As notícias não referem cortes de outro tipo, sendo que os conteúdos políticos - os milhares de presos e executados pela revolução islâmica, o milhão de mortos na guerra Irã-Iraque, o constante vigiar e punir dos costumes e da liberdade de expressão - são mais significativos em PERSEPÓLIS do que o “conteúdo sexual” - uns beijos, conversas de mulheres sobre dormir com homens e palavras como “pinto” e “seios”, aliás ditas pela avó (que dá uma receita para manter o peito rijo mergulhando-o em água com gelo, dez minutos, todos os dias).

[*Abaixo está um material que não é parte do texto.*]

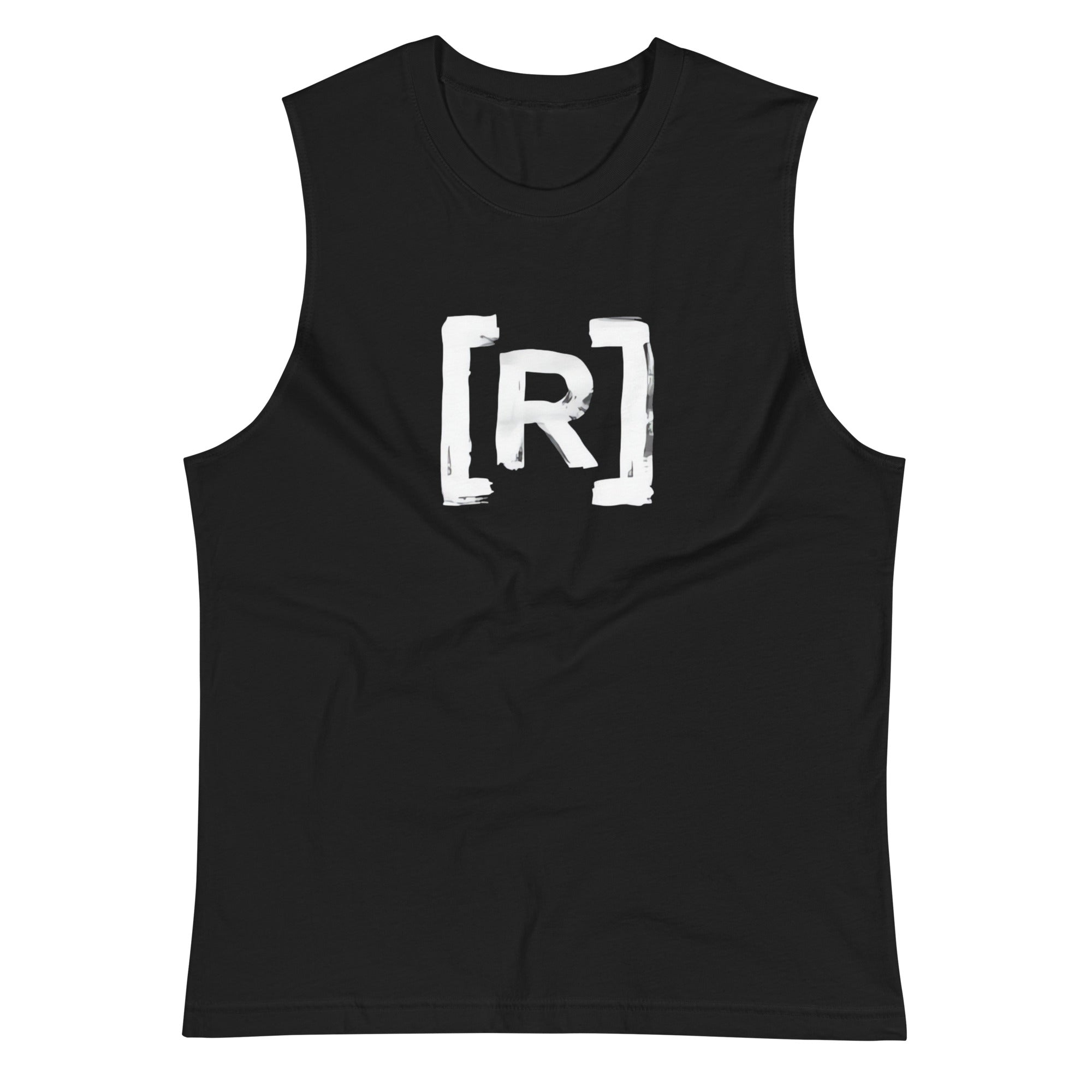 Camiseta sin mangas Residente, Descubre calidad excepcional y estampados duraderos. Encuentra estilo y orgullo en cada prenda.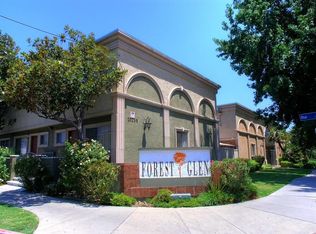 20259 Cohasset St UNIT 2, Winnetka, CA 91306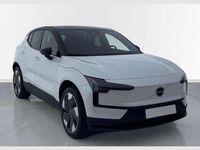 Usado Volvo EX30 Plus 200 kW (272 CV) 2024 Blanco SUV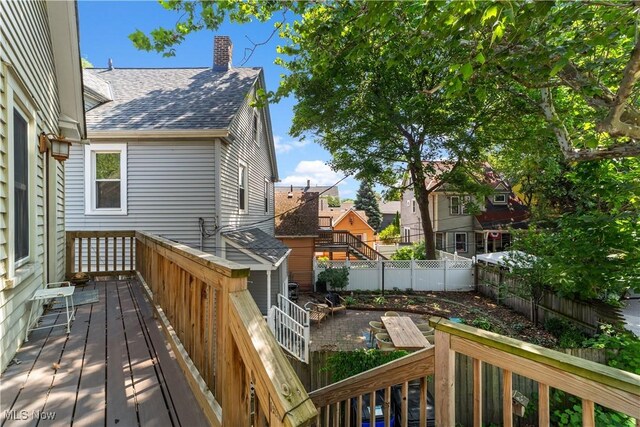 2280 W 10th St, Cleveland, OH 44113 - photo 39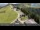 Webcam in Alpbach, 2.3 km entfernt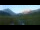 Webcam in Kandersteg, 7.9 km
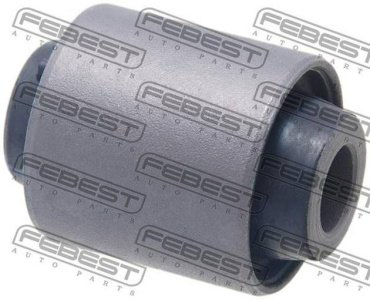 FEBEST сайлентблок TAB-549 купить,NaN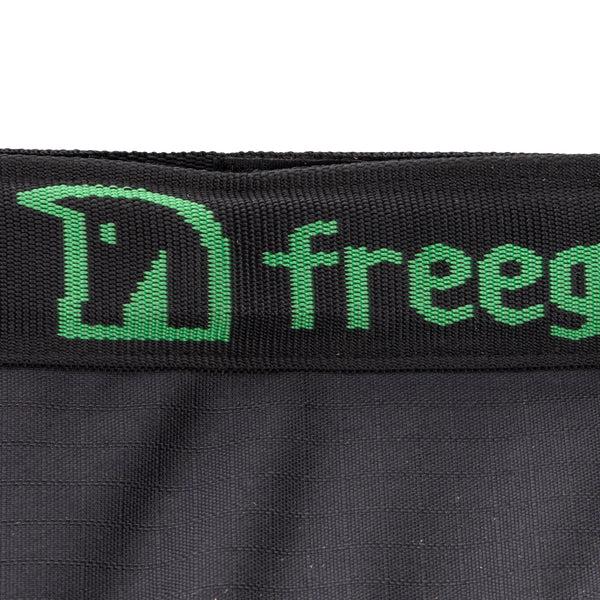 Shires FreeGraze Deluxe Web Hay Bag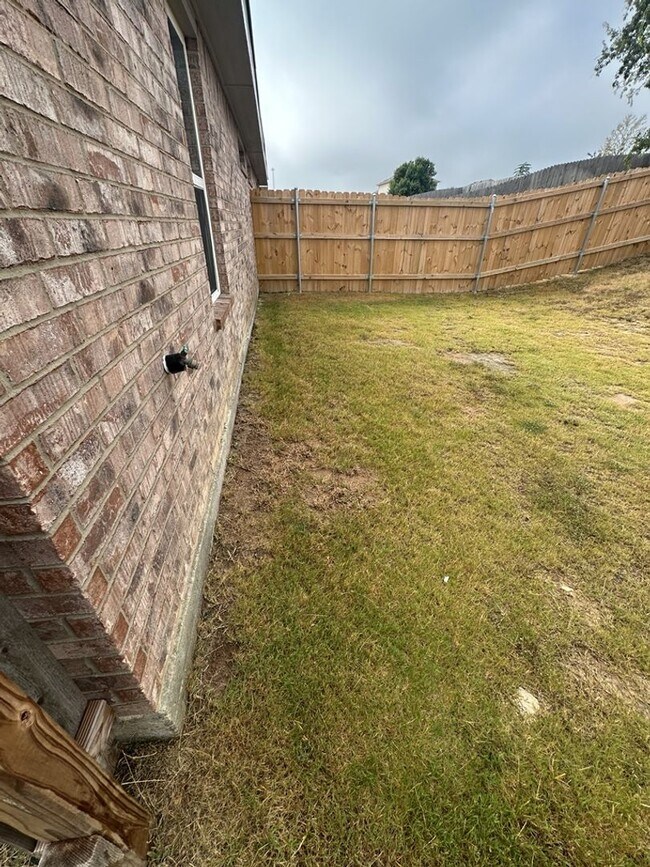 Building Photo - Available Now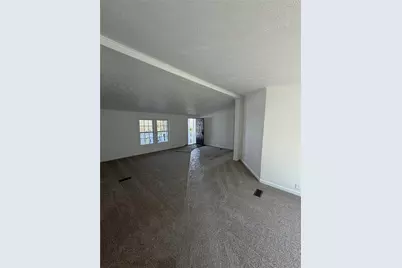 874 Bent Oak Drive, Chatsworth, GA 30705 - Photo 9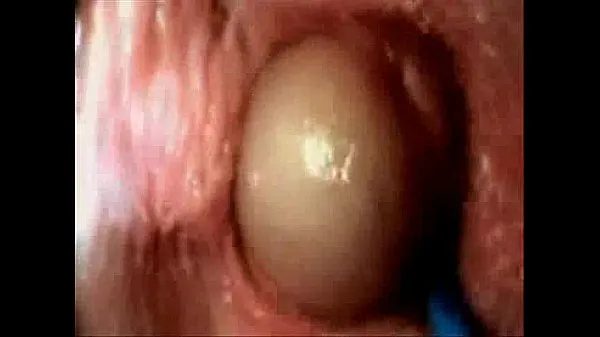 Klipleri internal vagina sex sürücü gösterme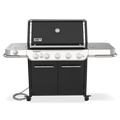 Summit® FS38 E Gas Grill (Natural Gas)
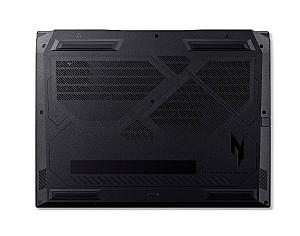 Laptop gaming ACER Nitro V 16 ANV16-42-R258 (NH.U1GEU.005)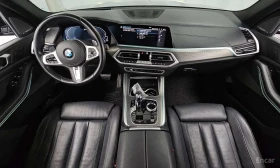 BMW X5 xDrive 45e | M Sport | Air Ride | 360 | Laser, снимка 7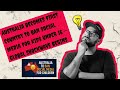 Historic Move: Australia Enforces Social Media Ban for Under-16s from Dec 2025 #Demystify with Ajay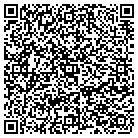 QR code with Rocklin Unified School Dist contacts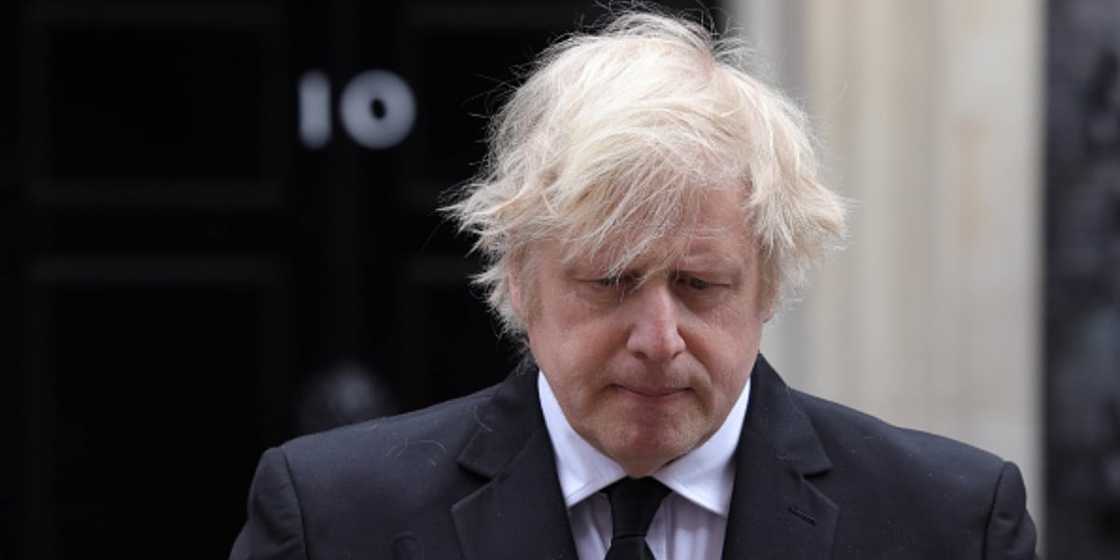 Ranking: 10 Top Countries in the World as Canada Beats Japan, US Ranking: 10 Top Countries in the World as Canada Beats Japan, US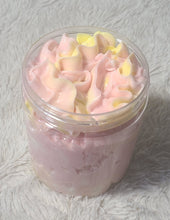 Load image into Gallery viewer, Body Butter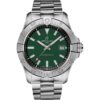 Breitling Avenger Automatic 42mm A17328101L1A1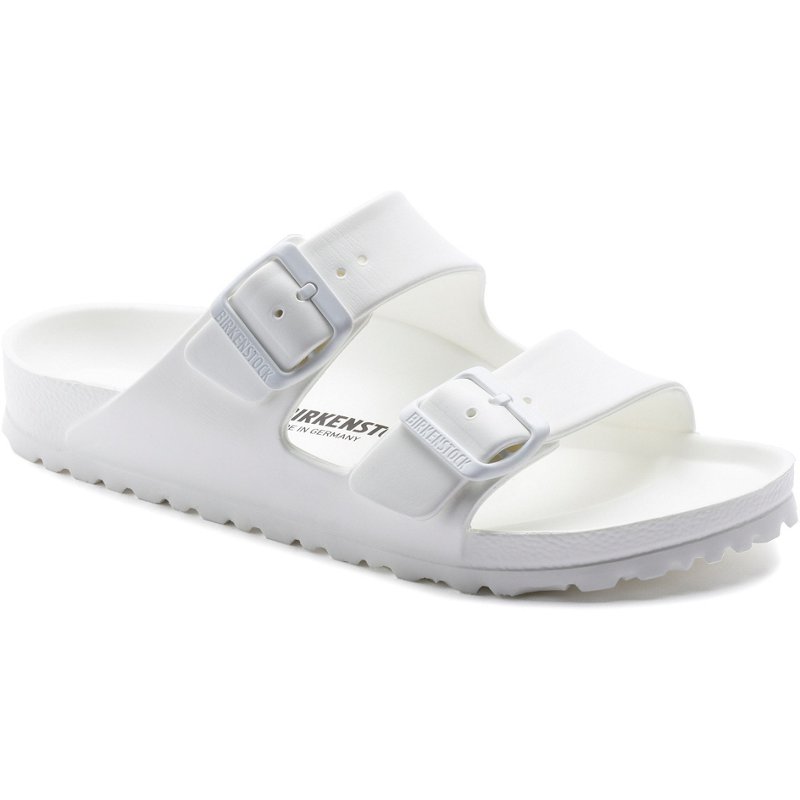 Birkenstock Women's… - image
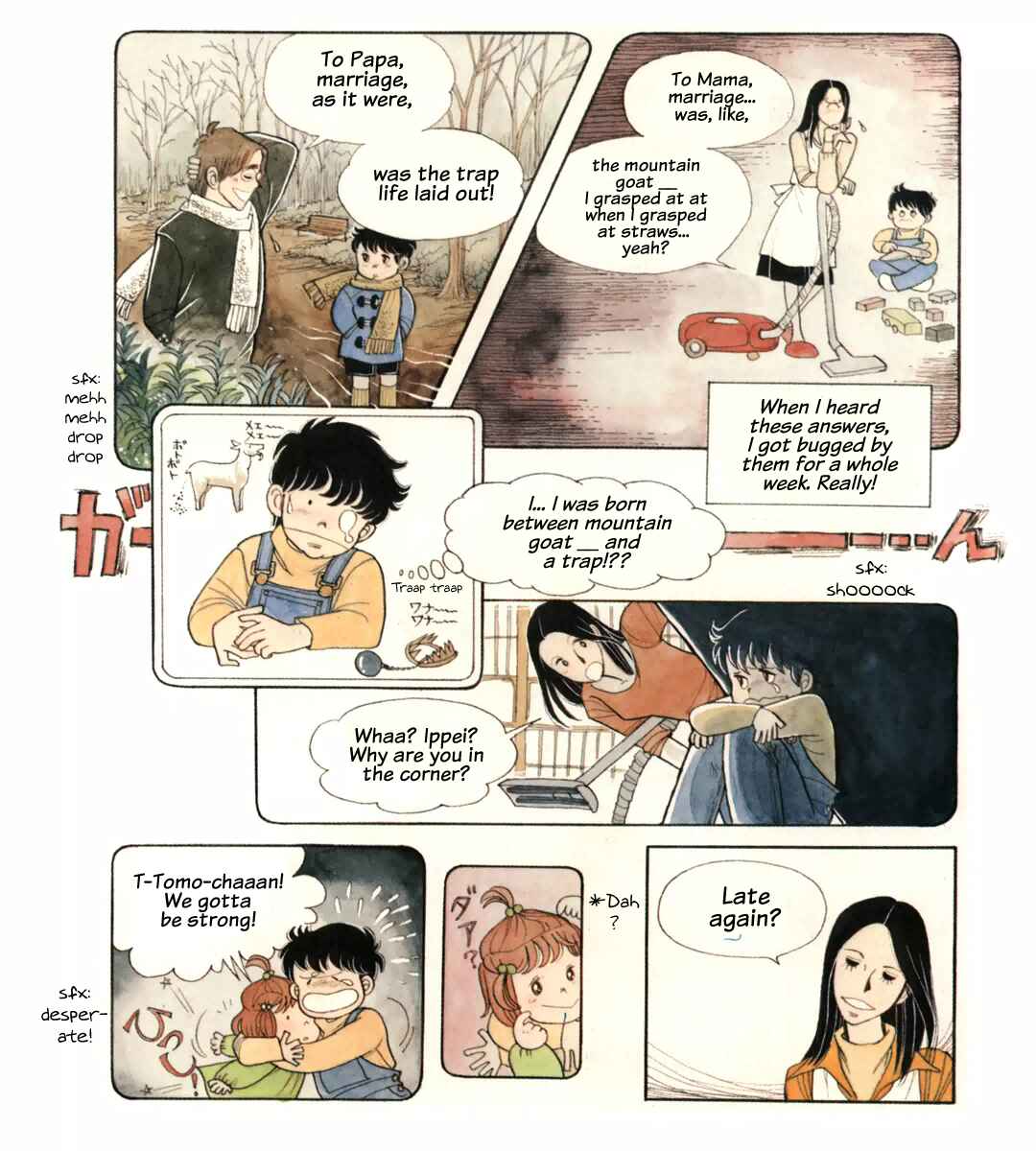 Chapter 4 - Page 4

O centro cultural onde o filme passou faz parte de uma rede criada por um antigo presidente da câmara considerado um moderado, que nos anos 90 ajudou a divulgar cultura alternativa e hoje está menos dinâmico. Os responsáveis do centro explicaram que quiseram projetar PERSEPÓLIS porque “quando um filme não é mostrado, as pessoas imaginam todo o tipo de coisas”. Esteve lá um crítico de cinema considerado conservador, Hussein Moazzezinia, que por um lado elogiou as qualidades técnicas e o roteiro, mas por outro, criticou a “visão parcial” de Satrapi, considerando que ela “foi seletiva ao omitir certos fatos, tornando seu filme pouco fiável e desonesto”. E concretizou: “Não podemos ignorar que milhões de pessoas aprovaram o ”imam” [Khomeini]. Não é verdadeiro dizer que a revolução foi feita refém por uma minoria”.

Em Cannes, foi ovacionado em pé e conta-se que Stephen Frears, presidente do júri, ficou em lágrimas. De certo, também riu. Aí, entre o humor e a angústia, livro e filme estão quites. Marjane Satrapi vive na França desde 1994, e a última vez que esteve no Irã foi em 2000. Em 2004, numa entrevista, tentou expressar em palavras as saudades que tinha do país natal: “Tudo, tudo. A começar pelas montanhas que rodeiam Teerã. Mas do que sinto mais falta é do sentido de humor iraniano. As piadas que mais me fazem rir são as iranianas. O apocalipse pode acontecer no Irã que no dia a seguir há piadas acerca desse apocalipse. E as pessoas… têm uma generosidade que nunca, nunca vi em parte alguma do mundo”.